Every US president since Bill Clinton has tried to create an integrated air and missile defense system for all US allies in the Middle East. Most Arab countries have spurned those efforts, either because they prefer making one-on-one deals with the US, or because they object to open cooperation with Israel.
The Abraham Accords changed the paradigm, with Arab nations now more willing to deal with Israel, especially to counter Iran’s growing regional belligerence. So even if President Biden failed to make much progress on his recent Middle East swing-and-miss, a bipartisan group within the US Congress is shaking the cobwebs off these old defense plans.
The DEFEND Act of 2022 would encourage nine Arab nations, alongside Israel, to build joint air defenses against Iran, complete with early warning posts.
Senator Joni Ernst, an Iowa Republican who serves on the Senate Armed Services Committee and is co-chair of the Senate Abraham Accords Caucus, is leading the bipartisan effort in the Senate, along with New Jersey Democratic senator Cory Booker.
While Ernst commended Biden for re-engaging with Saudi Arabia, she says the Saudis need the kind of push that only Americans can provide.
“We want to see Saudi Arabia recognize Israel,” Senator Ernst said on a Zoom call last Thursday organized by JINSA, the Jewish Institute for National Security of America. To make that happen, Senator Ernst says the Biden administration must get its priorities straight.
“Everyone knows that there are human rights abuses in Saudi Arabia,” she said. “There are certain areas where we disagree adamantly with Saudi Arabia and their leadership. However, we do have a common adversary — Iran — and we need to work together to make sure that Saudi Arabia and Israel are moving in the right direction.”
Senator Ernst gained national prominence in 2015, early in her first term, when Republicans tapped her to deliver the nationally televised rebuttal to President Obama’s 2015 State of the Union message. Donald Trump briefly considered Ernst as his running mate in 2016. JINSA is a Washington-DC-based think tank that educates national security decision-makers on US strategic interests in the Middle East, and helped develop the DEFEND Act.
Iran is most feared for its efforts to manufacture nuclear weapons, but it uses military force to destabilize the Middle East every day. According to JINSA, Iran’s regional proxies fired some 740 projectiles at US personnel and Arab nations in 2021 and are on pace to surpass that in 2022, having fired more than 400 projectiles in the last six months.
The Biden administration has pinned its hopes on diplomacy, including a return to the nuclear deal Obama negotiated with the ayatollahs — something Ernst contends is a waste of time.
“I don’t know what the president is thinking and why he keeps proceeding,” she said. “It’s been clear for some time now that Iran has no intention of returning to any sort of agreement that would hamper them.
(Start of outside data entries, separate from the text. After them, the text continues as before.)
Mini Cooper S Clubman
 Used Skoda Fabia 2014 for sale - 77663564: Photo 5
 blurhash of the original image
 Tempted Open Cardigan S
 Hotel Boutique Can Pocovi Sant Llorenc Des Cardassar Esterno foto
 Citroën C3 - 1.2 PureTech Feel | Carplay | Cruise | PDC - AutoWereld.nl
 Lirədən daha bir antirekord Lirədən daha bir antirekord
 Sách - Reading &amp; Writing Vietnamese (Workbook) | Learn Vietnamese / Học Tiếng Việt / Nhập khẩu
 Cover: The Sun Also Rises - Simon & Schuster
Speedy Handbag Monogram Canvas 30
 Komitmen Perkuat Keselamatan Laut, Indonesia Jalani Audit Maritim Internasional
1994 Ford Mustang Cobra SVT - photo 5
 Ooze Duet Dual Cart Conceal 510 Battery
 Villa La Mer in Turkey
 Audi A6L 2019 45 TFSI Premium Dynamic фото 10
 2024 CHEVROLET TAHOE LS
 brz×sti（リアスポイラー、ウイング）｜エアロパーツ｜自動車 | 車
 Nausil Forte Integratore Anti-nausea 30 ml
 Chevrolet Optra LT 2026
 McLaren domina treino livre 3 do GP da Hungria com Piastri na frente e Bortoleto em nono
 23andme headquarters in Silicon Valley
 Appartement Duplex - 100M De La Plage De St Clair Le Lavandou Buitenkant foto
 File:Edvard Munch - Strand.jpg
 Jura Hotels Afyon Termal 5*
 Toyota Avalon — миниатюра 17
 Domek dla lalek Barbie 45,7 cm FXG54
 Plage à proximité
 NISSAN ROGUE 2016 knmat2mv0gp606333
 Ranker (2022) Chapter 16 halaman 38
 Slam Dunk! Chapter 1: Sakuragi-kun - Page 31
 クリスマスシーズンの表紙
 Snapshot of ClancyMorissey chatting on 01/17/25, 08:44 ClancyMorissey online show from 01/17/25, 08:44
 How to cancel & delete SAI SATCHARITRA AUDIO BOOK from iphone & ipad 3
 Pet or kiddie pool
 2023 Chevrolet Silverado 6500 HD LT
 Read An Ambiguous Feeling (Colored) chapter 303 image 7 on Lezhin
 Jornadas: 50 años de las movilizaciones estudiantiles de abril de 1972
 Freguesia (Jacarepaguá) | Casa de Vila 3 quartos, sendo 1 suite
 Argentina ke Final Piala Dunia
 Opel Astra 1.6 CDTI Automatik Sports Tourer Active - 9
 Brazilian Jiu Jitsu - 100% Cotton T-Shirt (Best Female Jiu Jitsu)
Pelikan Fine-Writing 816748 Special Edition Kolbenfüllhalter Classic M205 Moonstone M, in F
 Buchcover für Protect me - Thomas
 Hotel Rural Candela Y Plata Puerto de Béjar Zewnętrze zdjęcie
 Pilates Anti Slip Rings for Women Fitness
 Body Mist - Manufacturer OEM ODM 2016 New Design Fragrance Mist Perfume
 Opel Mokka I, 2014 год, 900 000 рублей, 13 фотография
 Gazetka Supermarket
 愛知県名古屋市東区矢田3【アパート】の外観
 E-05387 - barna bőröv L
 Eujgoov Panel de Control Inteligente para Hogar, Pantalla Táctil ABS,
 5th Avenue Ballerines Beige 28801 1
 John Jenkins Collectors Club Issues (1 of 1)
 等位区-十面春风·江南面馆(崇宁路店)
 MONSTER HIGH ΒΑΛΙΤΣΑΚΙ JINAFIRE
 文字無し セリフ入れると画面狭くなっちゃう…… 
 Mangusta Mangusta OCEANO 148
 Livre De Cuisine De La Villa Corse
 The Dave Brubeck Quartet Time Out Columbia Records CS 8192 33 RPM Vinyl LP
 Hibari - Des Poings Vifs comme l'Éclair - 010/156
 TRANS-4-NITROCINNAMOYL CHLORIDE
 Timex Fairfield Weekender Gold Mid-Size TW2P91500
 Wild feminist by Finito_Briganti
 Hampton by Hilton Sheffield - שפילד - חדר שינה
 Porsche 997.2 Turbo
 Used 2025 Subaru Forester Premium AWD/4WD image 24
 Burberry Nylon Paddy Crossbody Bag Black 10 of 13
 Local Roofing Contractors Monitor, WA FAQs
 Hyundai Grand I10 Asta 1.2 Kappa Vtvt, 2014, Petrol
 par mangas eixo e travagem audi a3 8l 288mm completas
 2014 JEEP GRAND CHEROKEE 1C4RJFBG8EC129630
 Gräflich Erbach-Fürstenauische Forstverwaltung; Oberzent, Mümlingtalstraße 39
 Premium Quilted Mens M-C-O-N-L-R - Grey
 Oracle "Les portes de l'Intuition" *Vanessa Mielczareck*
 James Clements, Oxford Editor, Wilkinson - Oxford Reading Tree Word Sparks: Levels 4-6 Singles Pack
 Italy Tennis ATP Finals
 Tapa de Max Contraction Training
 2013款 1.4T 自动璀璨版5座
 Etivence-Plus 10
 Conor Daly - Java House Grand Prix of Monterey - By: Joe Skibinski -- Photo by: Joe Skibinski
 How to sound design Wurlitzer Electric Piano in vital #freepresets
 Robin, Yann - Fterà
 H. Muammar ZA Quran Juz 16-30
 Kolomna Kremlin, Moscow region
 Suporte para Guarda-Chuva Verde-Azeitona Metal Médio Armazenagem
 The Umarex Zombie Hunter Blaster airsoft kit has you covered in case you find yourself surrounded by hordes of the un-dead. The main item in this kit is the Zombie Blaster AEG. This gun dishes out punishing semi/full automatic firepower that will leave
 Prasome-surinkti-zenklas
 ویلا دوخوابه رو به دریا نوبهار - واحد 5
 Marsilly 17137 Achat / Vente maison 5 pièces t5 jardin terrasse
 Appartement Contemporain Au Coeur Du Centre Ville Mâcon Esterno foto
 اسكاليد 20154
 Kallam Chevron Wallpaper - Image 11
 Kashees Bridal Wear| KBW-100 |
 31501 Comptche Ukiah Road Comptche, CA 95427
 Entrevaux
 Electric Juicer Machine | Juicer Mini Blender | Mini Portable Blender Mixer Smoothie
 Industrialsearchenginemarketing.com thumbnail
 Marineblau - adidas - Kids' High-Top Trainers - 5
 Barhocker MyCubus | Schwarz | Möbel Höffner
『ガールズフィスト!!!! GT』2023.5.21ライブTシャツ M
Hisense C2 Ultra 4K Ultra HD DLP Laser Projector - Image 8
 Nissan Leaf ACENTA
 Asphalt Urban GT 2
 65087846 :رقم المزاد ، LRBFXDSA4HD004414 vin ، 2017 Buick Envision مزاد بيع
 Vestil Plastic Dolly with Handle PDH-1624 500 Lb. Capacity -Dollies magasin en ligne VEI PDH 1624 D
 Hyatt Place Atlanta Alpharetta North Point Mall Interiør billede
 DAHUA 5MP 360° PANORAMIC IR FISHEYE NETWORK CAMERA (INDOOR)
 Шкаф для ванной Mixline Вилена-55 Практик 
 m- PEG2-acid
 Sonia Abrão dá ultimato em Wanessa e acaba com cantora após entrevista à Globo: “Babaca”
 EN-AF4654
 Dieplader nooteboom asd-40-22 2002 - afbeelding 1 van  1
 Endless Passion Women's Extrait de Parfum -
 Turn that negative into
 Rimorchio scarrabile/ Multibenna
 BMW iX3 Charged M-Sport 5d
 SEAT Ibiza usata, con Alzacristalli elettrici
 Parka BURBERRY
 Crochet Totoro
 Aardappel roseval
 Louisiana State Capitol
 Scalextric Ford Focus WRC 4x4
They are within a hair’s breadth of having nuclear capabilities. So why are they going to reverse course?
Ernst answered her rhetorical question: “Iran is just a bad actor, and they are not going to change, no matter how much Joe Biden pursues them.”
While adding that she understands efforts to close gaps between Israel and Saudi Arabia, and the rest of the Arab world will take more “time and intense collaboration,” she insists that America can and must facilitate the process. “[Foreign leaders] are always much more confident when Americans are engaged in negotiations and helping coordinate activities, no matter where the region, no matter what the issue.”